My prior district manager once told me that while we are involved in many serious activities it is important not to take ourselves too seriously. Sometimes the most laughable situations are those we get into because we “do dumb.” We can either let these times get us down or have a good laugh and move on. I’ve had several laughs at myself over the years.

The ability to cry is also very important. For much of my life the conventional wisdom has been that real men don’t cry. When our girls were young we would watch a television show with a sad ending. The girls and their mother would have tears running down their faces. To me it was just a story. My wife often said she hated to see what would make me cry. That time came in August, 1989 when my dad passed from this life.

Crying is also a good release of the emotions and seems to clear our sensory system. We cry not only for loss or bereavement but also for joy or in appreciation. Often when we are surprised in a positive way many respond with tears. We get involved with someone crying and tears of compassion flow.

I remember several years go seeing a sign “Prayer Changes Things.” My experience over the years validates that message.

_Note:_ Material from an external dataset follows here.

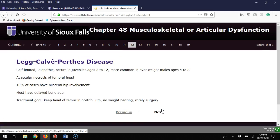Legg-Calvé-Perthes disease is an idiopathic event that commonly happens in obese males. The femoral head actually loses blood flow and becomes avascular and necrotic. But often if you keep them off that femur with no weight bearing and treat symptomatically, it resolves. Very rarely do you have to do surgery on these patients, but most don't like it. Most cases are unilateral but 10% can be bilateral.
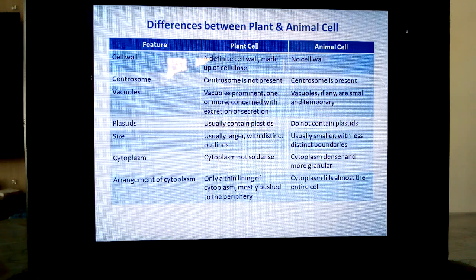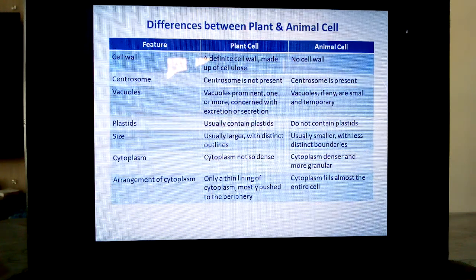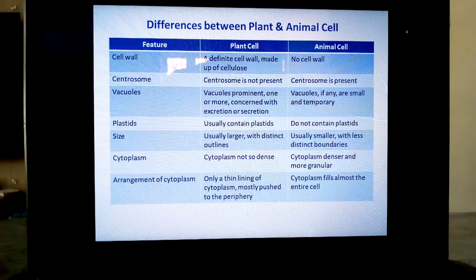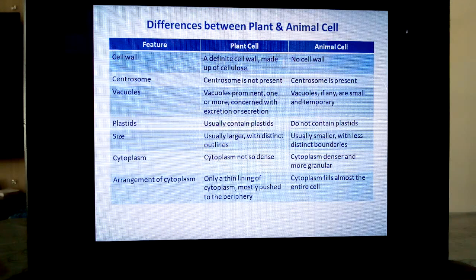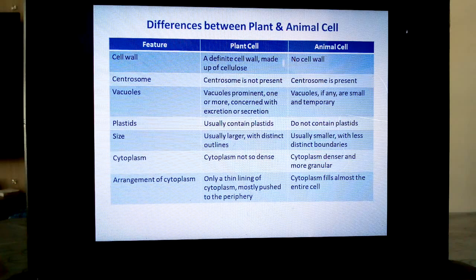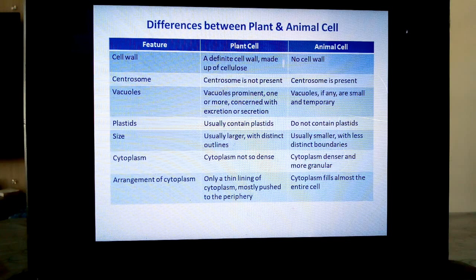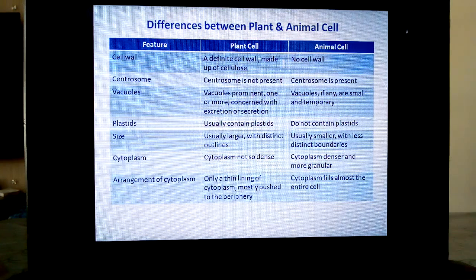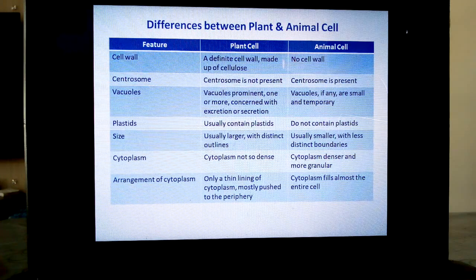In arrangement of cytoplasm: in plant cells, only a thin lining of cytoplasm is present, mostly pushed to the periphery — because most of the space is occupied by the vacuole, and the central position is occupied by the vacuole. Whereas in animal cells, the central position is occupied by the nucleus, and cytoplasm fills almost the entire cell.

Prayer is as much an attitude as a specific event. It is the recognition that a power larger than us controls all the events of life. We can pray selfishly but are more effective when our petitions are in behalf of others with needs.

What is the power of prayer? James, the writer of the New Testament book wrote “the effectual fervent prayer of a righteous man availeth much.” In other words the power of prayer is enormous. I know that my Grandmother’s prayers were often and powerful on my behalf. Thanks George I’m glad we had our brief conversation. When the stresses or joys of life come, as they certainly will, I plan to laugh, cry, and pray!

Sunday, September 7, 2014

Transitions!

It seems that life is full of transitions. About the time we get comfortable with some aspect of our life it changes. We don’t go from stability period to stability period; but when things change, we have to grow to the next time that is stable for us. Making the transitional time a growth time is important. Transitions happen in several ways. Let’s look at a couple of ways transitions are necessary.

Sometimes we see something lacking in an aspect of our life and we chose to change. In front of us is a picture of where we want to go that will take some intermediate steps. We might see that we lack the skills for a part of our job. The transition may be filled with training, planning and continuing to focus on where we want to go. We may go through several transitional stages before the desired result is attained.

At other times a change is thrust upon us. We lose a job or perhaps someone that has been an important part of our life. Or the change may be a new computer system at our office. We must adjust and move on with our next phase of life whether it is our preference to do so or not. The transition is not always easy but it is necessary. Often we need to reach out to others to aid us in this process. Someone may have faced a similar change that would enable them to offer valuable assistance.

Whether we choose the change or it chooses us, the transition period can be a time of opportunity or frustration. Difficulties are bound to happen during this critical period. How we face transitions often determine ultimate success and duration of the transition period. Successful transitions aid in getting us comfortably into another time period of stability.

A wise man once told me “this too will pass.” Both periods of stability and times of transition follow his rule. They all pass. Another wise person has said that long term success in life requires us to have the ability to “roll with the punches.” Having this flexibility allows us to transition into the next successful aspect of our life. The only real constant in life is change and the transitions that come with those changes.